Мы видим, что и у Хиллмана душа не выступает как онтологическая сущность, а проявляется в качестве символа места, из которого прорастает смысл. В его работе душа является «корневой метафорой» языка, прошедшего через прививку гуманистической традиции.
«Под словом душа я подразумеваю, в первую очередь, скорее, перспективу, нежели субстанцию, точку зрения на вещи, чем вещь саму по себе. Эта перспектива — мыслящая, она обдумывает события и определяет различия между нами и всем происходящим в мире. Между нами и событиями, между исполнителем и делом имеет место момент размышления — и созидание души, или душетворение, означает дифференциацию этой промежуточной фазы… Душа появляется как фактор, не зависящий от водоворота событий, в который мы оказываемся погруженными. Хотя я не в состоянии идентифицировать душу ни с чем другим, мне также не удается постичь ее самое отдельно от других вещей, возможно, потому, что она похожа на изображение в летящем зеркале или на луну, выступающую как посредник только в отраженном свете. Но именно посредничество этой особенной и парадоксальной переменной придает личности ощущение, что у нее есть душа, или она сама является душой (выделено мной — В. З.) …Во-первых, „душа“ относится к углублению восприятия событий как жизненных опытов; во-вторых, значимость, которую может приобрести душа в любви или религии, исходит из ее особого отношения к смерти. И третье, под словом „душа“ я подразумеваю творческую способность к воображению, заложенную в нашей природе, обретение опыта посредством рефлективного размышления, сновидения, образа и fantasy (фантазии) — такого способа, который осознает все реалии, главным образом, как символические или метафорические» (Hillman, 1975b, р. XVI).

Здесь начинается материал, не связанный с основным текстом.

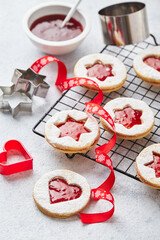 Classic Linzer Christmas Cookies with raspberry or strawberry jam on light background.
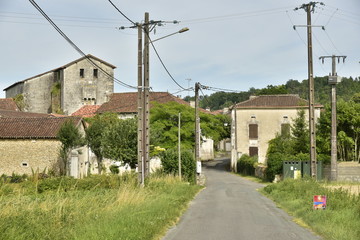 Fototapeta na wymiar L'entrée du Bourg de Champagne et le clocher de son église romane 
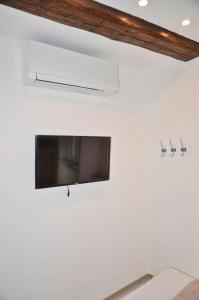 A television and/or entertainment centre at The Best View Of The Sea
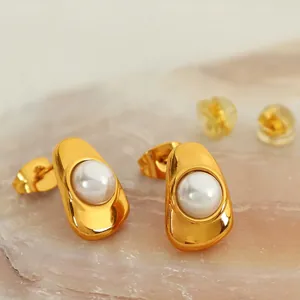 Elegant gold irregular oval earrings with pearl inlays on a soft pink stone surface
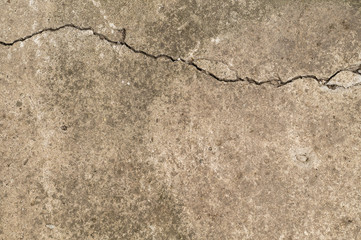 Concrete surface, textured with a crack horizontally.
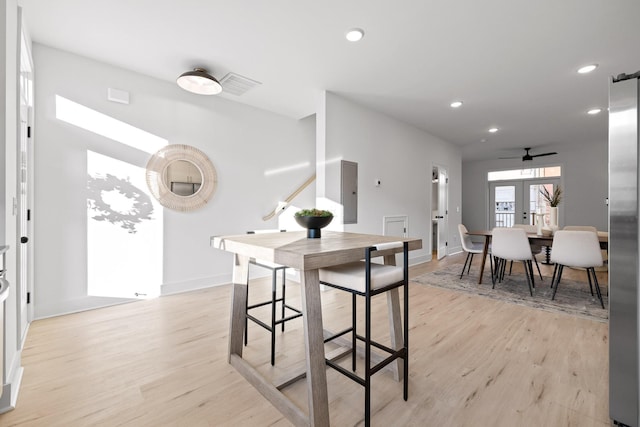 dining area with ceiling fan, light wood-type flooring, and french doors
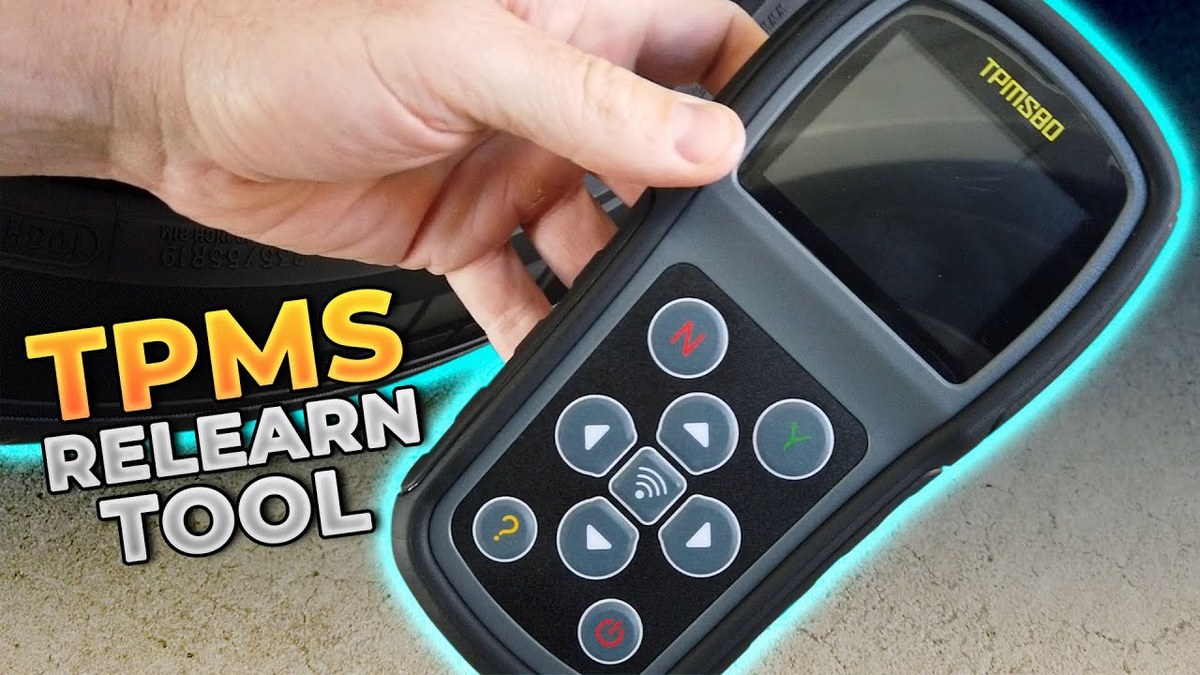 Driver pressing TPMS reset button inside a parked car while dashboard tire pressure warning light is on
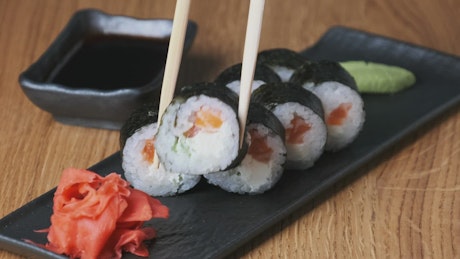 Putting sushi on a wooden table with chopsticks.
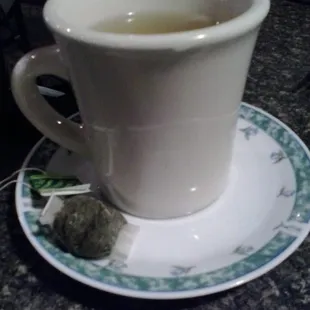 Green Tea is served as mug of hot water with s tea bag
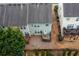 Aerial view of backyards with fenced in yards and wooden decks at 1212 Lake Point Way, Suwanee, GA 30024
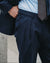 Close-up of a man wearing navy blue dress pants, a light blue dress shirt, and a brown patterned tie, with his hand in his pocket.
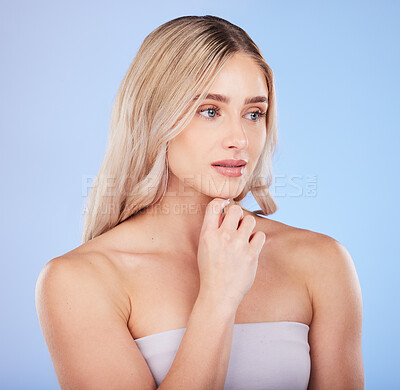 Buy stock photo Hair care, beauty face and thinking woman in studio isolated on a blue background. Makeup cosmetics, skincare and young female model with salon treatment for hairstyle, blonde balayage and growth.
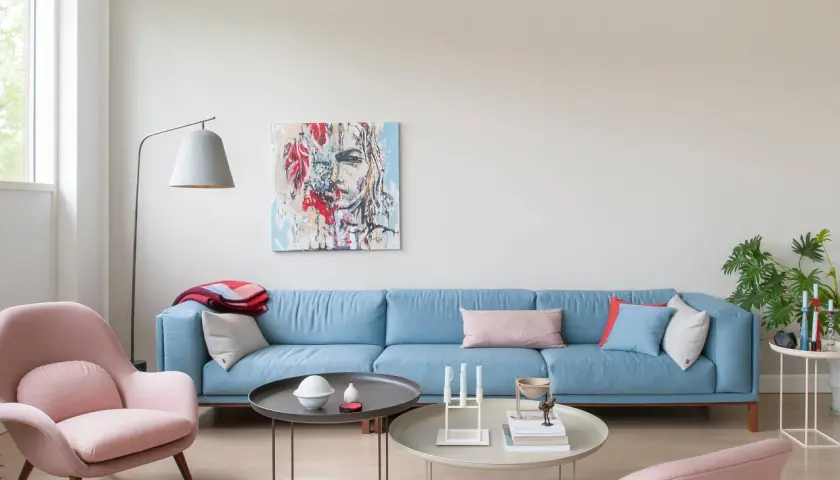 Ein hellblaues Sofa mit rosa Akzenten und einem abstrakten Gemälde. Welche Farbe passt zu altrosa? Hier wird es gezeigt.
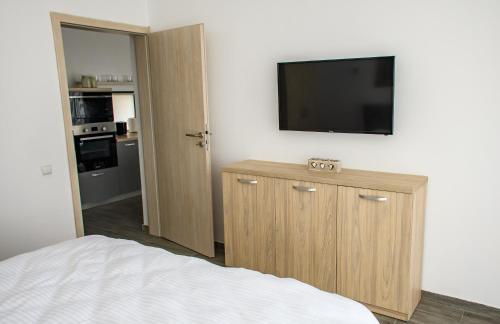 a bedroom with a bed and a television on a wall at apart bun in Oradea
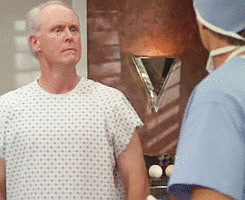 A gif of John Lithgow from 3rd Rock from the Sun wearing a hospital gown and shouting, oh my god i&#x27;m gorgeous!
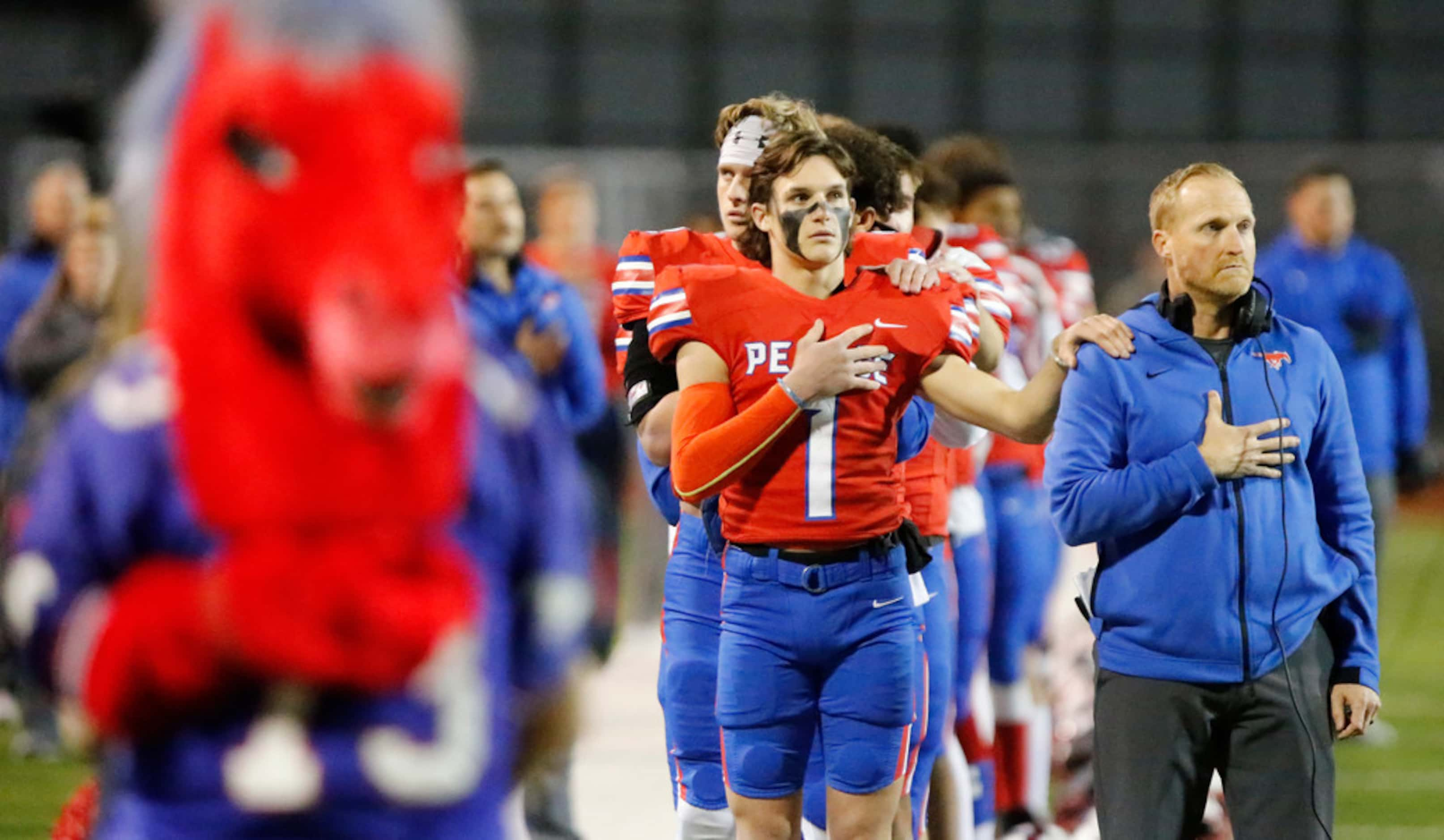 J.J. Pearce High School wide receiver Sutton Stokes (1) stands at attention with J.J. Pearce...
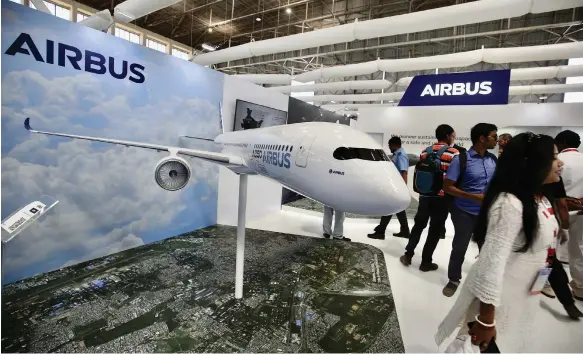 ?? EPA ?? An Airbus stall at the Aero India exhibition in Bengaluru. Airbus posted a 13 per cent decline in fourth-quarter profit, despite revenue increase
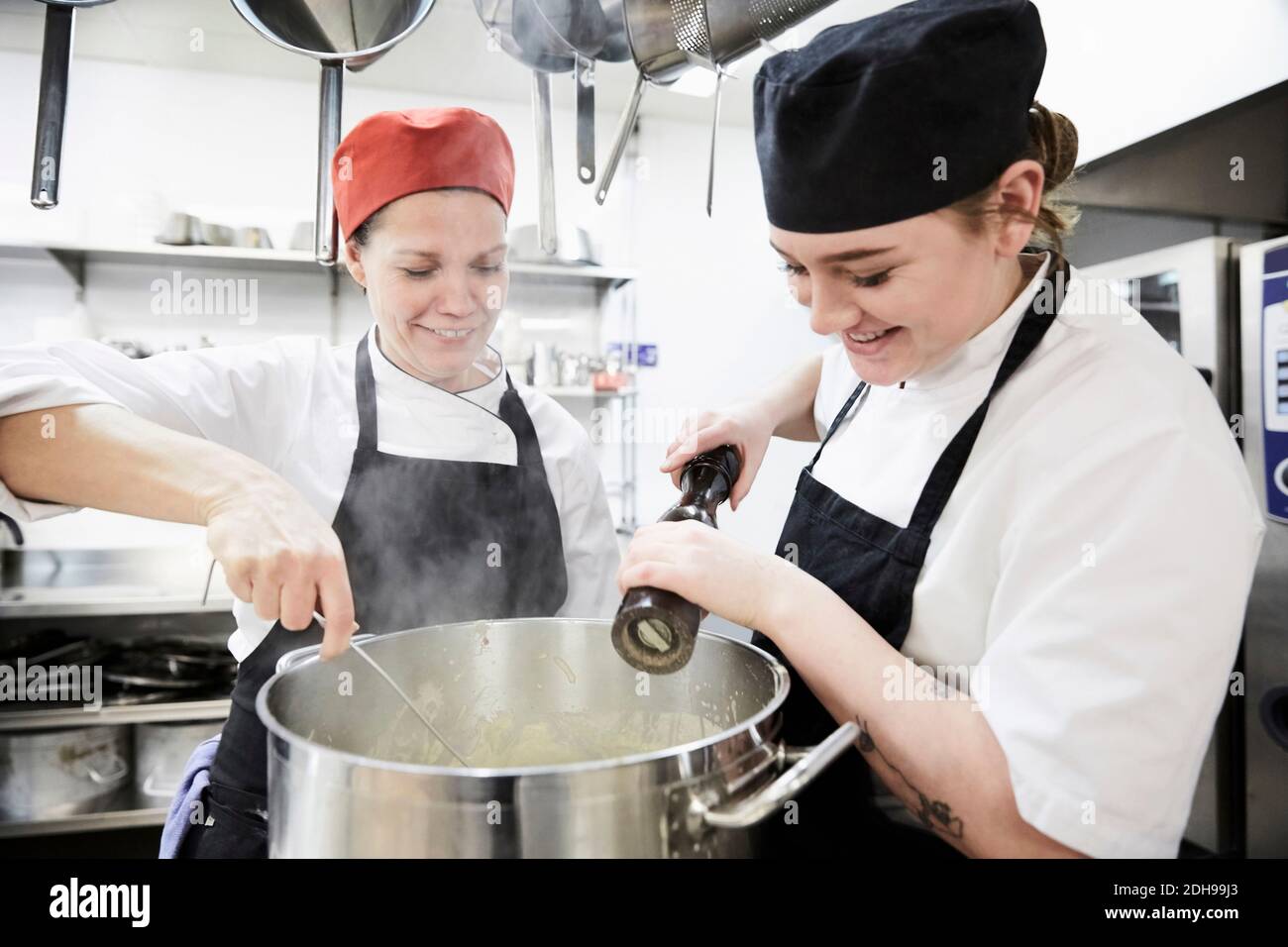 Lehrer mit weiblichen Schüler hinzufügen Pfeffer in die Pfanne an Gewerbliche Küche Stockfoto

Душа — это вполне определенный способ смотреть на вещи, отличный от телесного или разумного взглядов, также отличающихся своей спецификой. Этот рефлективный момент, упоминаемый Хиллманом, может быть бессознательным, следовательно, созидать душу означает приводить в сознание содержания подобных рефлексий, которые не могут быть иными, нежели субъективными. Созидание души означает дифференциацию собственной субъективности. Символическая или метафорическая точка зрения как раз и есть то, что, согласно Юнгу, освобождает нас от оков «не что иное, как…», что проводит границу между простой регистрацией того или иного события и душевным переживанием последнего и о чем Хиллман говорит как о противоядии против смертного греха буквализма.
Здесь Хиллман подводит нас к одной из самых замысловатых тем в архетипической психологии — связи между душой и смертью. В его изложении смерть обозначена как метафора, а не как буквальное, физическое событие. В том, что, по его же свидетельству, это тот самый случай, можно убедиться, обратившись к другой его работе, «Сновидение и преисподняя». Чтобы достичь души, пишет Хиллман, мы должны отбросить в сторону всякие там «должны» и «обязаны» из своей повседневной жизни, которые представлены в образах дневного мира или мира «верхнего». Тогда, по аналогии, душа делается «ночным миром», или подземным миром, или «преисподней». «Преисподняя» в литературе обычно связана со смертью. В этом смысле смерть и душа оказываются связанными вместе во всех его других работах с учетом сделанного им допущения, и все мы знаем, почему это так.